つい先日も、友人が離婚届を出した。だが、同居を解消するのは「来年の春くらいかなあ」とのこと。住む場所を探す時間がないし、今までも同居人のようなものだったから離婚届を出したところで生活に変化があるわけでもないらしい。
■親戚づきあいに疲れてしまって
一方で、別々に住む予定もないままに同居し続けている元夫婦もいる。
「友だちには、“偽装離婚”と言われています」
そう笑うのは、ヤスコさん(38歳)だ。6歳のひとり娘がいる。夫との間は特に変化がない。それならなぜ離婚届を出したのだろう。
「もともと共働きだし、協力しながら子どもを育ててきました。でもなんだか私が結婚生活に疲れてしまったんですよね。もっと正しく言うと、夫の両親やきょうだいとのつきあいに疲れたというほうが正しいかもしれません」
© All About
離婚届を出してからも同居を続けるカップルがいます。紙1枚のこととはいえ、それぞれどんな思いで離婚したのか、そしてその後の生活はどう変わったのか。当事者に聞いてみました
いい妻、いい母、いい嫁としてがんばってきたヤスコさんは、1年ほど前、過労で倒れた。それを機に、何が自分にとって過剰なプレッシャーになっているかと考えたら、「結婚しているという事実」だったのだそうだ。

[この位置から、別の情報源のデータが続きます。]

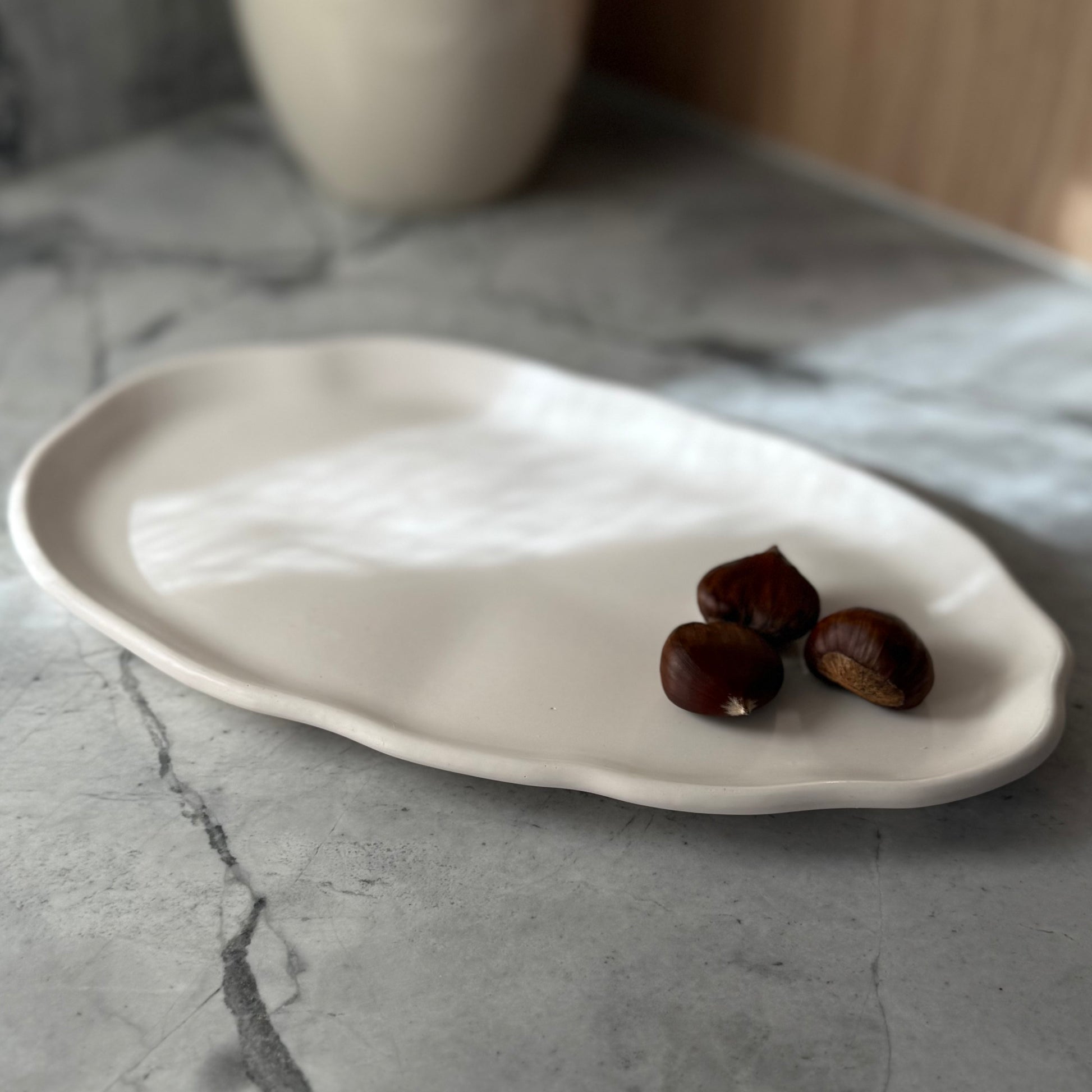 Long handcrafted Shore Tray in smooth natural stone-inspired finish styled with chestnuts.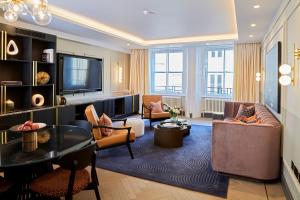 uma sala de estar com uma televisão e um sofá e cadeiras em Cheval Hyde Park Gate em Londres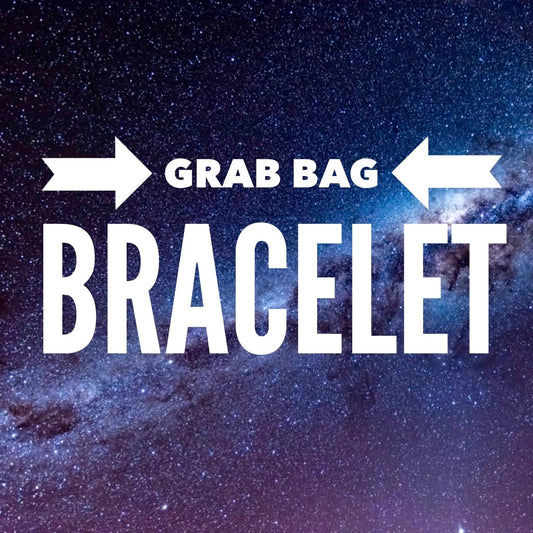 A square graphic with a starry space background and large white text reading 'GRAB BAG BRACELET' with arrow shapes pointing inward.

「夫の家族は非常に仲がよくて、月に数回、実家に集まるんです。私は一応、“長男の嫁”なので、そのたびに実家で十数人分の料理をしたり、片づけをしたり。その心身の疲労がたまっていったんだと思います」
夫とも話し合った。
「夫の結論は、『めんどうだから離婚しちゃおう』と(笑)。最初はびっくりしたんですが、『離婚しても一緒に住んでいればいいじゃん』と言われて、『それもそうね』ということになって。ある意味、勢いで離婚届を出してしまいました。一応、娘の親権は私にあります」
離婚してから気持ちの中で変わったことがあるという。
「一緒に住んではいても、お互いに独身だから恋愛してもかまわないわけですよね、法的には。そうなると、相手を“ひとりの男”として見れるようになり、なんとなく恋愛気分です」
婚姻届は人を油断させ、離婚届は人を緊張させるのかもしれない。
■離婚届を出してから10年間同居
「25歳で結婚、28歳で離婚届を出して、でもそれからすでに10年一緒に住んでいます」
そう言うのは、アヤカさん(38歳)だ。結婚期間よりも、離婚期間のほうが長く、お互い外で恋愛するのも公認なのだという。
「あなたたちの結婚は一体何なの? と友人たちにもよく言われるんですよね。私がつきあっている人のことで夫に相談することもあるし、夫は夫でフラれた話をしてきたり。それでも私たちはなぜか一緒にいます。恋人とか夫婦とかを超えて、家族なのかもしれません」
7歳年上の元夫は、アヤカさんが8歳の時に亡くなった父親にどこか似ているのだという。
「結婚しているときは夫に干渉されるのがイヤだった。子どもがいないこともあって3年後に私から離婚を申し出ました。すぐにでも別に暮らすつもりだったんだけど、『ひとり暮らしは大変だし、しばらくここにいれば? もう他人だから同居人のつもりで』と夫に言われたんです。それでずるずると……」
ただ、離婚後、明らかに関係は変わったという。
「私も言いたいことを言うようになったし、そんな私を彼は尊重してくれるようになった。彼が料理を作ってくれたり、一緒に飲んだりすることもありますよ。でもセックスの関係はありません」
持ち家のローンは彼が支払い、光熱費は彼女が払う。あとはすべておのおので生活しているという状態。
「居心地はいいですね。誰にも縛られていないのに、いざというとき彼に頼れるという安心感があります。『ずるい』と友だちに言われることもありますし、こういう関係を続けていていいのかなという思いもある。だけど、世間で『結婚とはこうあるべし』と言われている形に縛られる必要もありませんよね。以前の私だったら、もっとちゃんとしなくちゃと思ったはずですが、この居心地よさを知ってしまったから、形なんてどうでもいいんじゃないのと考えるようになりました」
男女関係には、いろいろな形がある。結婚にも同居にも、いろいろな形と思いがあるのだろう。自分たちにとって、いちばんいい形を見いだせたカップルは幸せだ。たとえ、それが「世間の常識」から外れているとしても。